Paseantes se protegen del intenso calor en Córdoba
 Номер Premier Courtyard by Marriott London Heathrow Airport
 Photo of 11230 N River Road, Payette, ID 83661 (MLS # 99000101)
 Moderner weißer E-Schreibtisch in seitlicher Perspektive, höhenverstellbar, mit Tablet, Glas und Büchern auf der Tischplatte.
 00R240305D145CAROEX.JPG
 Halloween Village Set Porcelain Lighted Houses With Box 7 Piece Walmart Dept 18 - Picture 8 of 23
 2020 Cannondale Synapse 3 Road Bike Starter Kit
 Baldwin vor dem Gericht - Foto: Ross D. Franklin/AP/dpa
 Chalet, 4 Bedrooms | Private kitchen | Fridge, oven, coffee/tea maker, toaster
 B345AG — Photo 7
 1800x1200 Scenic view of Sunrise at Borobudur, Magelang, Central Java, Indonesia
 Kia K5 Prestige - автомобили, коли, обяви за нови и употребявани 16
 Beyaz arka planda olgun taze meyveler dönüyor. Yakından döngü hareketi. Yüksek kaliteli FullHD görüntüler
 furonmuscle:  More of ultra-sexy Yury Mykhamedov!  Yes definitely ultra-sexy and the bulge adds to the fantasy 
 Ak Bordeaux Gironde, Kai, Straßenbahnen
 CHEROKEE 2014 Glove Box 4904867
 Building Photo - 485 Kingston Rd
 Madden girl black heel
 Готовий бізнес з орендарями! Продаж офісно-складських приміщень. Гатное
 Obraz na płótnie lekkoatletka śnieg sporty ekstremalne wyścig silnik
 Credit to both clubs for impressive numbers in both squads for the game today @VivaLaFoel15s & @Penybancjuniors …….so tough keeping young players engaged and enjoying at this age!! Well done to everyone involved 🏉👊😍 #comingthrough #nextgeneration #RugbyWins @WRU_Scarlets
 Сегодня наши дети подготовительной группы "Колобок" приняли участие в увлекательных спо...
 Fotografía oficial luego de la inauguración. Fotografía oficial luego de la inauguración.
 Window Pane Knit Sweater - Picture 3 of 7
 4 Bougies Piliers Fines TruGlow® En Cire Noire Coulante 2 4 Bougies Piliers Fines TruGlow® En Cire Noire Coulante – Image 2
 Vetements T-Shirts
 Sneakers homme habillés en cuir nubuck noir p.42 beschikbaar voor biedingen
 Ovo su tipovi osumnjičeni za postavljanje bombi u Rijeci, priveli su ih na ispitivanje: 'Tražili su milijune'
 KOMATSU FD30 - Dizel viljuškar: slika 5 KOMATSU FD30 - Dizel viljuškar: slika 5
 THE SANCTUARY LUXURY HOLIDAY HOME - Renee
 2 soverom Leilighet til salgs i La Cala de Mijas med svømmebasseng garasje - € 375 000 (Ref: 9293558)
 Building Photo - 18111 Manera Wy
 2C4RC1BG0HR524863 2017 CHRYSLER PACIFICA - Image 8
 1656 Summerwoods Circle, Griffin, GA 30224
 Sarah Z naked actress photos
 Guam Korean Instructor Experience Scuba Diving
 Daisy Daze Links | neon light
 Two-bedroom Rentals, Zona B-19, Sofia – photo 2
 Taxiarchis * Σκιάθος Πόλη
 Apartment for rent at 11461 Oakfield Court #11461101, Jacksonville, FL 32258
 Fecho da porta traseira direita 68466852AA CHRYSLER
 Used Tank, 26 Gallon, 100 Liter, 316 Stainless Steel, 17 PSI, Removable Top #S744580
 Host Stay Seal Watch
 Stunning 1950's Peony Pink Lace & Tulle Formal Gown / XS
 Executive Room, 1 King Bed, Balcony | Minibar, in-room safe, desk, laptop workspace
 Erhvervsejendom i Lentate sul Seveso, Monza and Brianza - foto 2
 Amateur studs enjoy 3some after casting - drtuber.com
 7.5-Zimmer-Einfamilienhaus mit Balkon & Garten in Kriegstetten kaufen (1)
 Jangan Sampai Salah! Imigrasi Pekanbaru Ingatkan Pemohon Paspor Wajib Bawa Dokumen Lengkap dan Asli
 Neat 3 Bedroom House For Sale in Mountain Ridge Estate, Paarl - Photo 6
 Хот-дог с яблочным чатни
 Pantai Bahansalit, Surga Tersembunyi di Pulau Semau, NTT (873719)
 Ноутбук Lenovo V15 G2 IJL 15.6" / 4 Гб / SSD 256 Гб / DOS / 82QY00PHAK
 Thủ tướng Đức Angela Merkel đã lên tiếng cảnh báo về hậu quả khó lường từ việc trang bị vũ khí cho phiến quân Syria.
----
» **TASK GOAL**: Transcribe all of the material exactly. Omit nothing.

» **TASK SOLUTION**:
Paseantes se protegen del intenso calor en Córdoba
 Номер Premier Courtyard by Marriott London Heathrow Airport
 Photo of 11230 N River Road, Payette, ID 83661 (MLS # 99000101)
 Moderner weißer E-Schreibtisch in seitlicher Perspektive, höhenverstellbar, mit Tablet, Glas und Büchern auf der Tischplatte.
 00R240305D145CAROEX.JPG
 Halloween Village Set Porcelain Lighted Houses With Box 7 Piece Walmart Dept 18 - Picture 8 of 23
 2020 Cannondale Synapse 3 Road Bike Starter Kit
 Baldwin vor dem Gericht - Foto: Ross D. Franklin/AP/dpa
 Chalet, 4 Bedrooms | Private kitchen | Fridge, oven, coffee/tea maker, toaster
 B345AG — Photo 7
 1800x1200 Scenic view of Sunrise at Borobudur, Magelang, Central Java, Indonesia
 Kia K5 Prestige - автомобили, коли, обяви за нови и употребявани 16
 Beyaz arka planda olgun taze meyveler dönüyor. Yakından döngü hareketi. Yüksek kaliteli FullHD görüntüler
 furonmuscle:  More of ultra-sexy Yury Mykhamedov!  Yes definitely ultra-sexy and the bulge adds to the fantasy 
 Ak Bordeaux Gironde, Kai, Straßenbahnen
 CHEROKEE 2014 Glove Box 4904867
 Building Photo - 485 Kingston Rd
 Madden girl black heel
 Готовий бізнес з орендарями! Продаж офісно-складських приміщень. Гатное
 Obraz na płótnie lekkoatletka śnieg sporty ekstremalne wyścig silnik
 Credit to both clubs for impressive numbers in both squads for the game today @VivaLaFoel15s & @Penybancjuniors …….so tough keeping young players engaged and enjoying at this age!! Well done to everyone involved 🏉👊😍 #comingthrough #nextgeneration #RugbyWins @WRU_Scarlets
 Сегодня наши дети подготовительной группы "Колобок" приняли участие в увлекательных спо...
 Fotografía oficial luego de la inauguración. Fotografía oficial luego de la inauguración.
 Window Pane Knit Sweater - Picture 3 of 7
 4 Bougies Piliers Fines TruGlow® En Cire Noire Coulante 2 4 Bougies Piliers Fines TruGlow® En Cire Noire Coulante – Image 2
 Vetements T-Shirts
 Sneakers homme habillés en cuir nubuck noir p.42 beschikbaar voor biedingen
 Ovo su tipovi osumnjičeni za postavljanje bombi u Rijeci, priveli su ih na ispitivanje: 'Tražili su milijune'
 KOMATSU FD30 - Dizel viljuškar: slika 5 KOMATSU FD30 - Dizel viljuškar: slika 5
 THE SANCTUARY LUXURY HOLIDAY HOME - Renee
 2 soverom Leilighet til salgs i La Cala de Mijas med svømmebasseng garasje - € 375 000 (Ref: 9293558)
 Building Photo - 18111 Manera Wy
 2C4RC1BG0HR524863 2017 CHRYSLER PACIFICA - Image 8
 1656 Summerwoods Circle, Griffin, GA 30224
 Sarah Z naked actress photos
 Guam Korean Instructor Experience Scuba Diving
 Daisy Daze Links | neon light
 Two-bedroom Rentals, Zona B-19, Sofia – photo 2
 Taxiarchis * Σκιάθος Πόλη
 Apartment for rent at 11461 Oakfield Court #11461101, Jacksonville, FL 32258
 Fecho da porta traseira direita 68466852AA CHRYSLER
 Used Tank, 26 Gallon, 100 Liter, 316 Stainless Steel, 17 PSI, Removable Top #S744580
 Host Stay Seal Watch
 Stunning 1950's Peony Pink Lace & Tulle Formal Gown / XS
 Executive Room, 1 King Bed, Balcony | Minibar, in-room safe, desk, laptop workspace
 Erhvervsejendom i Lentate sul Seveso, Monza and Brianza - foto 2
 Amateur studs enjoy 3some after casting - drtuber.com
 7.5-Zimmer-Einfamilienhaus mit Balkon & Garten in Kriegstetten kaufen (1)
 Jangan Sampai Salah! Imigrasi Pekanbaru Ingatkan Pemohon Paspor Wajib Bawa Dokumen Lengkap dan Asli
 Neat 3 Bedroom House For Sale in Mountain Ridge Estate, Paarl - Photo 6
 Хот-дог с яблочным чатни
 Pantai Bahansalit, Surga Tersembunyi di Pulau Semau, NTT (873719)
 Ноутбук Lenovo V15 G2 IJL 15.6" / 4 Гб / SSD 256 Гб / DOS / 82QY00PHAK
 Thủ tướng Đức Angela Merkel đã lên tiếng cảnh báo về hậu quả khó lường từ việc trang bị vũ khí cho phiến quân Syria.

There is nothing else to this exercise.